A review by portybelle
Miss Marley: The Untold Story of Jacob Marley's Sister by Vanessa Lafaye

4.0

Miss Marley is a very poignant book as its author, Vanessa Lafaye, very sadly died in February this year. The book has been lovingly completed by her friend and fellow author, Rebecca Mascull. I think she has done a wonderful job writing the ending as I would never have sensed it was by a different author. In an afterword, Rebecca Mascull very movingly says she almost felt like she was channelling Vanessa Lafaye as she finished the book.

I was fascinated to read about why Vanessa Lafaye wanted to write this book in her author's note at the beginning. She was very intrigued by the character of Jacob Marley who appears only three times in A Christmas Carol and wondered what he had done to deserve his fate of dragging chains about the spirit world for all eternity. Rather than try to write from Dickens' character's point of view, she created a new character, his sister Clara Belle Marley, and used the siblings to explain Marley's story.

From the outset, I think that Vanessa Lafaye did a marvellous job of creating a sense of time and place. I was transported to Victorian London where the poverty and desperation of the Marley orphans was clear. It was heartbreaking to read of their fight to keep warm while living on the streets, the constant danger they were in, their struggle to find enough food to keep them alive and the injustice done to them by their uncle. When they did manage to build a better life for themselves, on the back of a bad experience, while Clara's character was then shaped by compassion for those once in their position, Jacob, known as Jake, became very hard-hearted and determined that he would show no mercy to anyone, even knowing what he had been through. It was admirable that he wanted to keep himself and his sister safe, so they would never face hardship again, but it was sad that you could see him becoming the character we catch a glimpse of in A Christmas Carol.

There was a kind of symmetry between Jake's story and the well-known tale of Ebenezer Scrooge. Like Scrooge, he was given the opportunity to change but unlike Scrooge, he chose not to take it. In Miss Marley, we see a Scrooge who was not always the miserable character in Dickens' tale and it is perhaps because of this, that he was able to see the error of his ways. 
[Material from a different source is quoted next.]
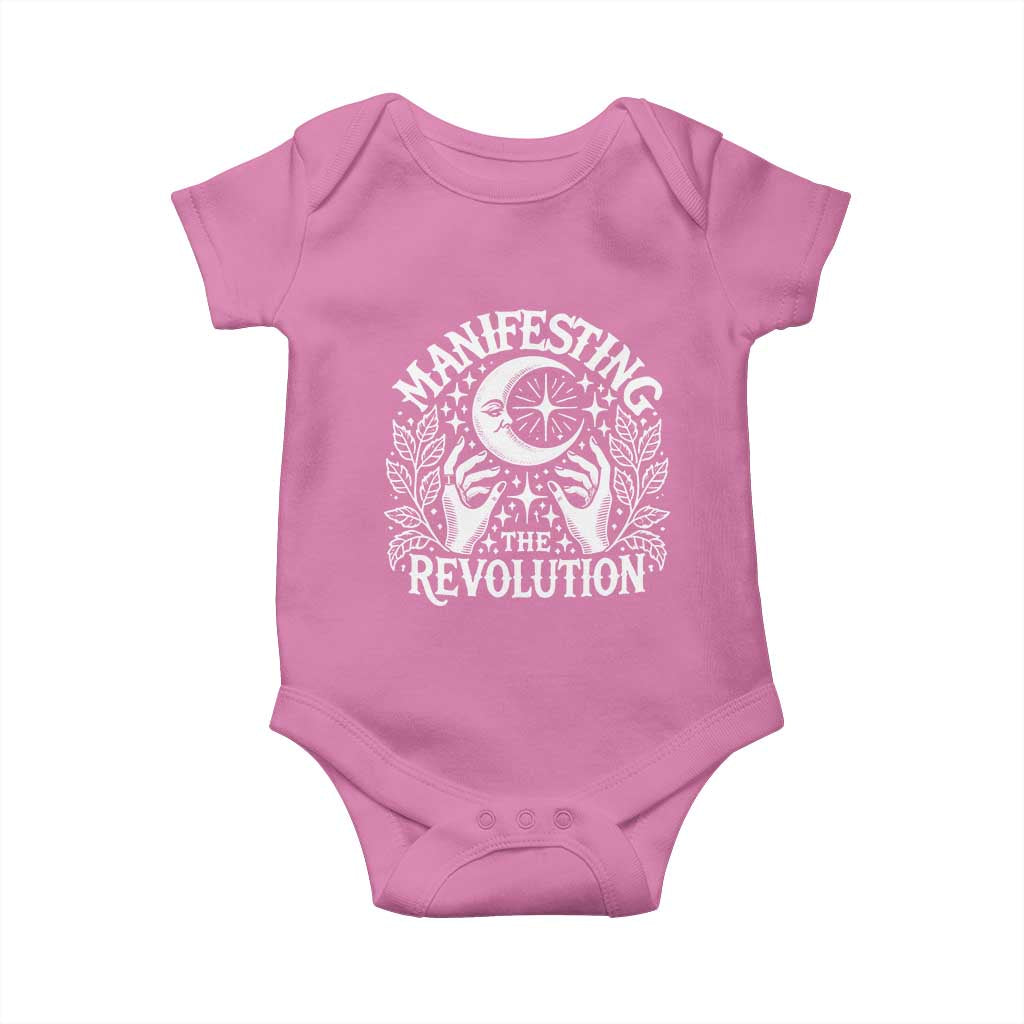Manifesting The Revolution Baby Onesie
Miss Marley is an excellent prequel to A Christmas Carol and fits so flawlessly into the original story, that it seems to shed new light on Dickens' work. It is a perfect short read as we move into the Christmas season and Jacob Marley's experiences are a reminder that everyone touches other people's lives in ways we may never know. In completing this book, Rebecca Mascull has created a fitting and lasting tribute to Vanessa Lafaye.